AliCloud launches AI audio and video transcription tool

June 2, 2023 1:31 pm

Alibaba Cloud, a subsidiary of Alibaba Group, announced the public beta launch of its AI product, Tongyi Tingwu, on June 1st. This application, specializing in audio and video content management, is powered by the  Tongyi Qianwen large model, a ChatGPT-like service by Alibaba.

The tool has been described as an AI assistant capable of transcribing, searching, summarizing, and organizing audio and video content. Specific functions include automated note-taking, managing interviews, and extracting key content from presentations. As part of its launch promotion, users can receive more than 100 hours of free transcription time during the beta testing period.

"Audio and video content can now be effortlessly read, organized, and shared thanks to Tongyi Tingwu," commented Zhou Jingren, the CTO of AliCloud.
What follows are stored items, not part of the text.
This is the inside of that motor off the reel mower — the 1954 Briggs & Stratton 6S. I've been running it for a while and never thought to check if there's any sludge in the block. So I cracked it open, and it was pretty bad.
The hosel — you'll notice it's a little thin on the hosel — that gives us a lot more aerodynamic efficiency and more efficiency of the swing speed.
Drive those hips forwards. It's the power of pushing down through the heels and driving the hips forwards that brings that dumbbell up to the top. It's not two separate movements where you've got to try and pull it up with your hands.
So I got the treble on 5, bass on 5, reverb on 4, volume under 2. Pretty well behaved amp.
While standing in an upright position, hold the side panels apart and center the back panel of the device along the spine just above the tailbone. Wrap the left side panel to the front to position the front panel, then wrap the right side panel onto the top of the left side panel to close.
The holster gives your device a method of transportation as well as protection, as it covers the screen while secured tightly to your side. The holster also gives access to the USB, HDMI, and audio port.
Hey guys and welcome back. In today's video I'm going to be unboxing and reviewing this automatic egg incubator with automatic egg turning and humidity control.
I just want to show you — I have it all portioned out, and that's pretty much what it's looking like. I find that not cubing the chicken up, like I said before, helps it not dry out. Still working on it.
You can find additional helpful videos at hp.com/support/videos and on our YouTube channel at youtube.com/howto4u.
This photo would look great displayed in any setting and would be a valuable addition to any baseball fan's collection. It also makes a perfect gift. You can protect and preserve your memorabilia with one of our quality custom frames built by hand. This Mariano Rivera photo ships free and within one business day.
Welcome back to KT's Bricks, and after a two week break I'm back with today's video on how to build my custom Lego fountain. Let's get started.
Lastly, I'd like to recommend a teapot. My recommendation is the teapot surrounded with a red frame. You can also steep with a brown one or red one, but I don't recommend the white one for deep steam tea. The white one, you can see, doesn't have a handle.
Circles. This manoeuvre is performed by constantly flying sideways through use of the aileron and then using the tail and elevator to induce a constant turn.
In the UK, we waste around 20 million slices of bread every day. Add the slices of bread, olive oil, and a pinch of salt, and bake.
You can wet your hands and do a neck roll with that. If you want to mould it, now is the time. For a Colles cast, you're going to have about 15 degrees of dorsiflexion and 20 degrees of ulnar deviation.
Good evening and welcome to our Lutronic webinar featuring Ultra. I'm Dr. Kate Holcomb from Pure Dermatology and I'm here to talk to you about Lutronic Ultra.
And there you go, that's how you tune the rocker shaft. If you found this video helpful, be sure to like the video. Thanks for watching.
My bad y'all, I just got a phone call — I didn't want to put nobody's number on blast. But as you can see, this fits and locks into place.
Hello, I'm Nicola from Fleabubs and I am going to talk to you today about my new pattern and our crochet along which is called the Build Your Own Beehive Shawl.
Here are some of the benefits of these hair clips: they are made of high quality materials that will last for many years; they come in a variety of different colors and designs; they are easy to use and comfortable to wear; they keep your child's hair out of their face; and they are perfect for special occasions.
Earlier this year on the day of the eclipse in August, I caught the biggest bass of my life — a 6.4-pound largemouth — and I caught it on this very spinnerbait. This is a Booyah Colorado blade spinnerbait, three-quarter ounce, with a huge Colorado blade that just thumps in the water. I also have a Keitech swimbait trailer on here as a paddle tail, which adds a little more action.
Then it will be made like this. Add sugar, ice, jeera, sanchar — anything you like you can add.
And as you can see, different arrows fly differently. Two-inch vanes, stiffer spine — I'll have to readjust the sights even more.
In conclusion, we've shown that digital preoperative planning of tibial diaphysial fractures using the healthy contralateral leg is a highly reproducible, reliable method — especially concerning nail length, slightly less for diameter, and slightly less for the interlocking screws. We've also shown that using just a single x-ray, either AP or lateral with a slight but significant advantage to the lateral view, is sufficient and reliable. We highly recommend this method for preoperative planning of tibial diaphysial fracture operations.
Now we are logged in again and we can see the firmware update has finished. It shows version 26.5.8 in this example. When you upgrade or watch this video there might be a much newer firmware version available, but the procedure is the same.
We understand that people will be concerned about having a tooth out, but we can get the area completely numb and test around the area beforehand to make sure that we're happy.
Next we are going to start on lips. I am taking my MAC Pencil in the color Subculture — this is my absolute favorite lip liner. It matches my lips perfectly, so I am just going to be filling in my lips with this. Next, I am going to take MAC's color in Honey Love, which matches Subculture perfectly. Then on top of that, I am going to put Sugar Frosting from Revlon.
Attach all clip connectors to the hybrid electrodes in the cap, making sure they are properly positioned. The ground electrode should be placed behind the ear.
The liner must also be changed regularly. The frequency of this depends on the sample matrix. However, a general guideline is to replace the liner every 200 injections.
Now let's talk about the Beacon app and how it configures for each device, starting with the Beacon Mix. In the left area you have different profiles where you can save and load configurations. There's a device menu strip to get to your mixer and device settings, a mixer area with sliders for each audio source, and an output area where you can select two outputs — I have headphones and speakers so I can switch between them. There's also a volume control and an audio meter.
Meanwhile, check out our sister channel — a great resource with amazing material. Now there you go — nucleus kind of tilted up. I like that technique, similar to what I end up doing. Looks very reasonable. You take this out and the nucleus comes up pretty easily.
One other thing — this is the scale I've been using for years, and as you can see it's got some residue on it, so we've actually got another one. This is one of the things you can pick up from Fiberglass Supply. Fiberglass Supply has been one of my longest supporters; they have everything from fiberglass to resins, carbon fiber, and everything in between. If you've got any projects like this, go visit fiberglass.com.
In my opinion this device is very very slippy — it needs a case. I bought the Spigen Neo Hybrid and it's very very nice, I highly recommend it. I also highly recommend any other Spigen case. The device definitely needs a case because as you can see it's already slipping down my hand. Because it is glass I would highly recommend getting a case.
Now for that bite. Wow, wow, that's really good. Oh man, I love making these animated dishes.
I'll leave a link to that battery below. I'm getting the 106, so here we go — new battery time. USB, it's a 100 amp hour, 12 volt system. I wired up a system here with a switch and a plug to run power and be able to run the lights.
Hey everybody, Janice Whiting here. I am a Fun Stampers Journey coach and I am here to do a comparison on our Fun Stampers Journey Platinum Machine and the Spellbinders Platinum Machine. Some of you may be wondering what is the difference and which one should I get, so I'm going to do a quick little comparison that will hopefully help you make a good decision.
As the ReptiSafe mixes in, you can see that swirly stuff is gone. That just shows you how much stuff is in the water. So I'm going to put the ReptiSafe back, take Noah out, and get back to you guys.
Tongyi Tingwu demonstrated its AI capabilities during a live session. The AI assistant was able to segment audio and video files into chapters, forming summaries, understanding perspectives of different speakers, and managing to-do lists. According to the company, future updates to the model will enable features like one-click extraction of PowerPoint presentations, specific paragraph summaries, and AI-driven multi-content question answering.

The application also introduces unique features for various user scenarios. For instance, the Chrome plugin enables bilingual floating subtitles for foreign language learners and hearing-impaired individuals. The application can even serve as a meeting surrogate for professionals, recording and summarizing points of discussion in a silent mode.

Furthermore, Tingwu integrates seamlessly with AliCloud Drive, allowing a one-click transcription of audio and video content stored in the cloud drive. Beta testers will also receive additional storage space in AliCloud Drive, facilitating automatic subtitle generation when playing videos.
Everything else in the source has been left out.